I got back into RPGs with 5e and though "wow, this is incredible - everything's so streamlined and well thought out!"
...then I started adding in 13th age tools (one unique thing, icons, etc) and thought "this is amazing!".
Lately I've been playing more narrative RPGs like FATE, dungeonworld and Baron Munchhausen... and they're again blowing my mind.
What are the new trends in RPGs? I've seen some of the kickstarters for different systems but nothing really stands out as being as innovative and "game changing" as the narrative RPGs.
Does anyone have anything they see as advancing the industry?
How far back do you want to go? Because I'm going to give some selected highlights from the past 15 years; Baron Munchausen was first published in 1998.
2002, as far as I'm concerned, was just about the nadir of the RPG industry. The D20 boom was running like kudzu all over everything selling like hot cakes with no one else getting a lookin, and d20 certainly isn't right for everything and was seldom innovative (most d20 games were effectively Fantasy Heartbreakers). The oWoD had run out of steam - there is only so much metaplot you can sell.

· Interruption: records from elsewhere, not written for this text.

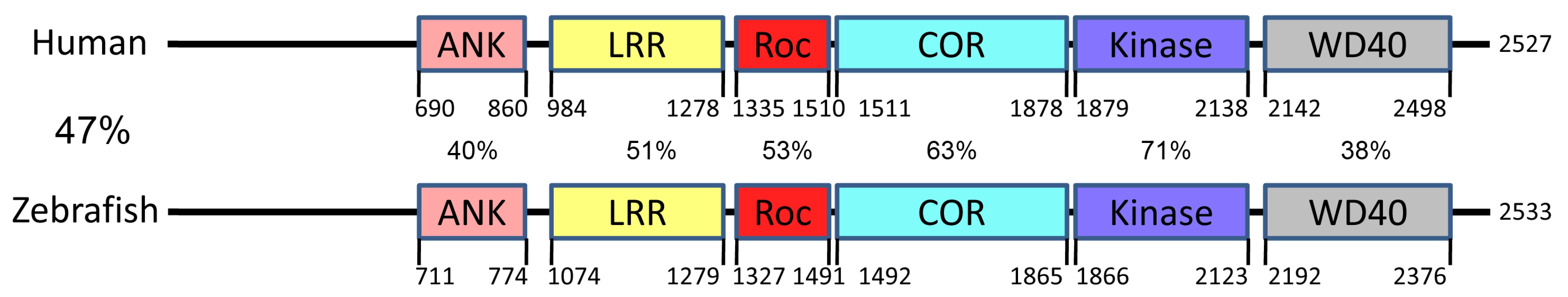 Conservation of amino acid sequences and functional domains of LRRK2 between zebrafish and human.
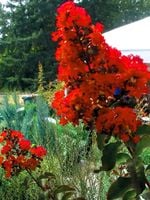 product-compare-61063215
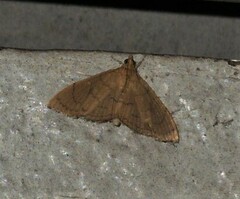 Hyalobathra crenulata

Over the next two years, to very little fanfare, we have three massively influential games even if one of them is one very few have heard of. The obvious one is that the first published edition of Fate came out in 2003 - but that needs no introduction for you I think

It's very good but there's nothing groundbreaking that I can think of. The second one is 2004's Castles and Crusades which was, I think, the first of the OSR games to get any significant traction. And the third was the critical darling My Life With Master in 2003. (There was also in 2003 D&D 3.5 popping the d20 bubble, and there was in 2004 Vampire: the Requiem and the New World of Darkness)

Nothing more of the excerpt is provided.